"More than anything, we need to change the poisonous atmosphere in Washington. I know we have strong disagreements, but we need to stop seeing each other as enemies. We need to talk to one another, listen to one another, work with one another," President Biden said on October 4, 2023 in Washington.
As Biden himself would say, "come on, man." Biden himself has been running around the country depicting Republicans as a bunch of racist Nazi sympathizers who are putting democracy itself at risk. Here he is speaking at a campaign fundraiser at Tempe, Arizona on September 28:
sometime in August, there was a — a group of people down in Charlottesville, Virginia, who came marching out of fields — literally marching on the fields at night with lighted torches, carrying swastikas, accompanied by the Ku Klux Klan, and reciting the same anti-Semitic bile that was sung in — throughout Germany in the early '30s.
And that's when I decided I just couldn't keep silent anymore. And when that young woman was killed, I spoke to her mom.
And the President was asked what he thought. And his comment was — he said there were "very good people on both sides." "Very good people on both sides."
Well, silence is complicity in my family..
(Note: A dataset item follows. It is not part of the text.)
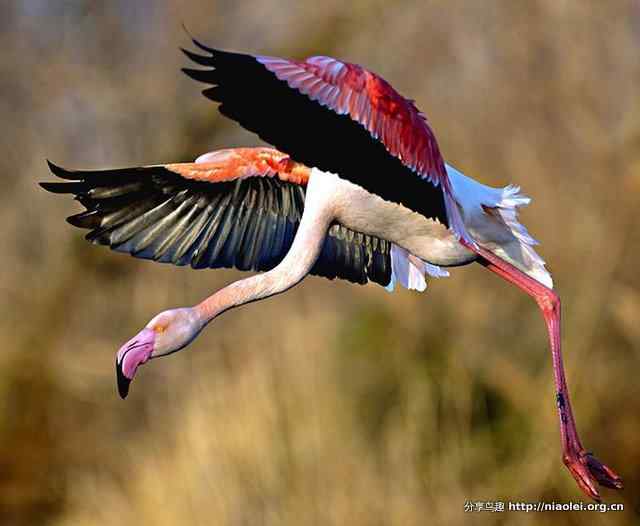 火烈鸟图片大全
Biden went on: "when I ran in 2020, I really did think democracy was at stake. And I wasn't — that's not hyperbole. I really thought it was... We're running again because I still think that if we were to give up this seat, we're going to — if the Democrats don't own the presidency, we're going to find ourselves in the position where democracy is literally — literally at stake."
Here is Biden in a September 29 interview with ProPublica: "if the former president were to become president again, the things he says he will do are a threat to American democracy." And, "If the other team, the MAGA Republicans, win, they don't want to uphold the rule of law." And, "democracy, literally our democracy, is at stake."
So out of one side of his mouth Biden is talking about the "need to change the poisonous atmosphere in Washington" and to "stop seeing each other as enemies," and out of the other side of his mouth he's depicting the opposition as threats to democracy and complicit with Nazis. It's almost as if he thinks the press won't call him on it, or as if he disrespects the American people by expecting them not to notice the contradictions.
I guess Biden can claim, as he has at times, that he's just talking about Trump and the "MAGA," or make America great again, Republicans, not Republicans in general. But given what polls indicate to be the strength of Trump in the party's electorate and the related reluctance of Republican politicians to ostracize him, that distinction seems too cute, to the point of being meaningless. If Biden genuinely wants to change the poisonous atmosphere in Washington, he can start by dialing back his own rhetoric. That's unlikely.